* Instructions to follow:
From the records below, transcribe exactly the lines that begin at the line with "-合肥滨湖国家森林公园" and end at the line with "Varadero Cuba Beach Diamond Paintings", both included.

* Provided entries:
————————
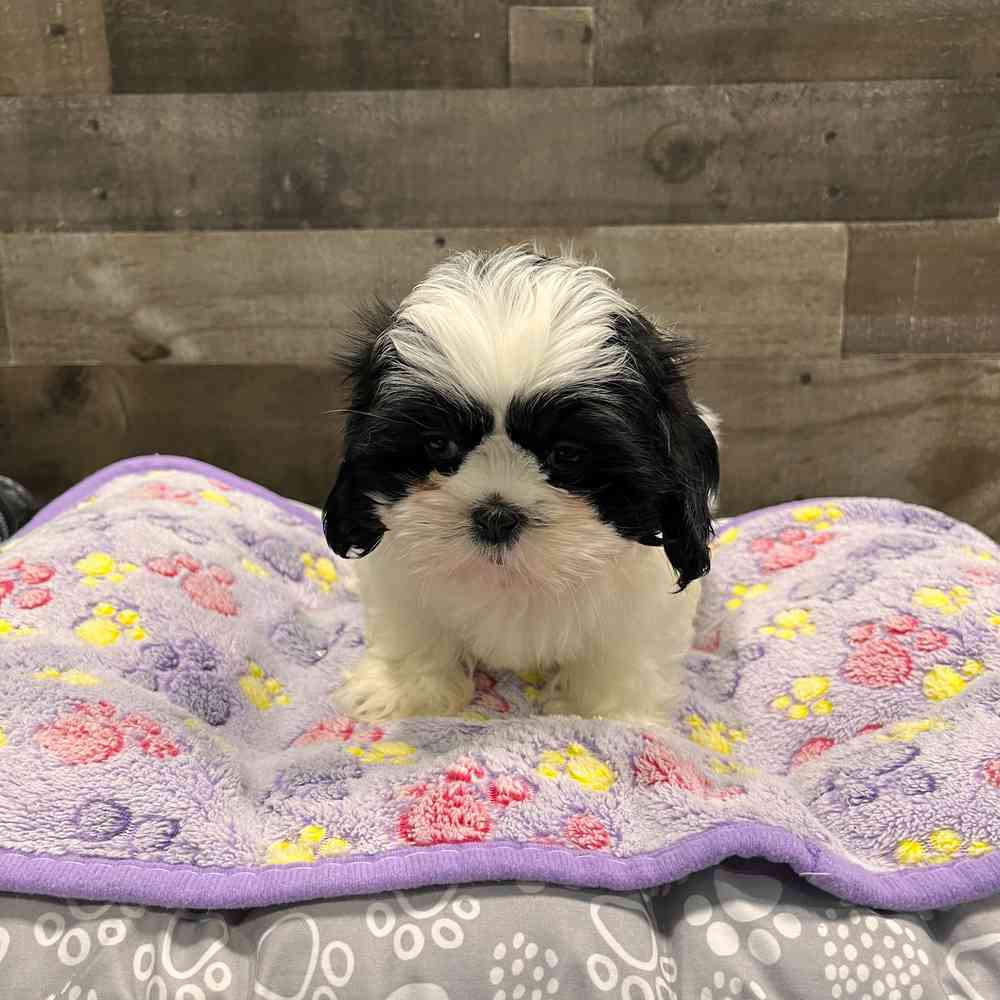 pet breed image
————————
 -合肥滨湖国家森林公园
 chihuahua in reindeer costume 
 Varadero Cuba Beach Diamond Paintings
————————
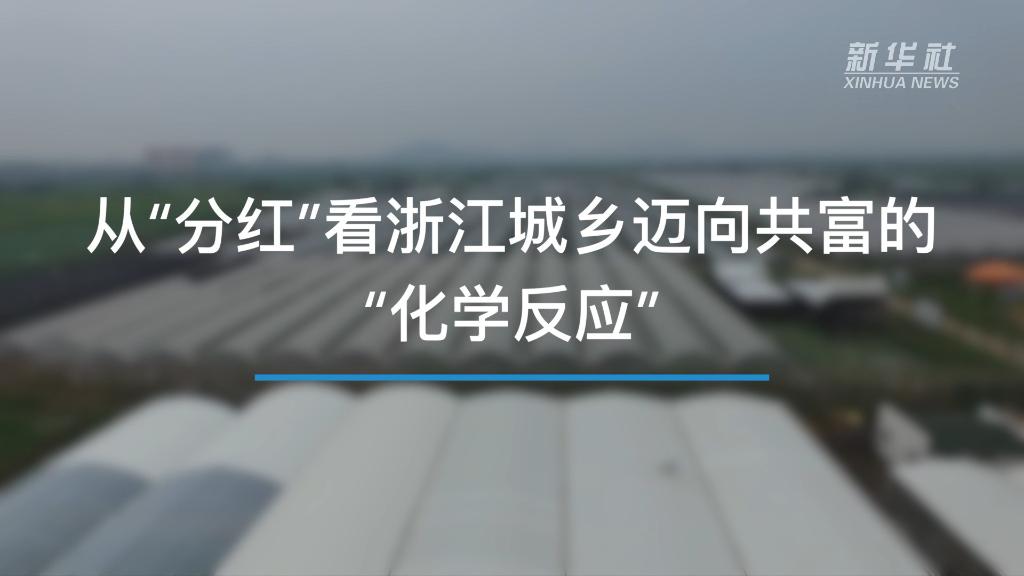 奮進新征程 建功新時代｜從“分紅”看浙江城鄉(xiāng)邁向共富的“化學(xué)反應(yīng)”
————————
* Task solution:
 -合肥滨湖国家森林公园
 chihuahua in reindeer costume 
 Varadero Cuba Beach Diamond Paintings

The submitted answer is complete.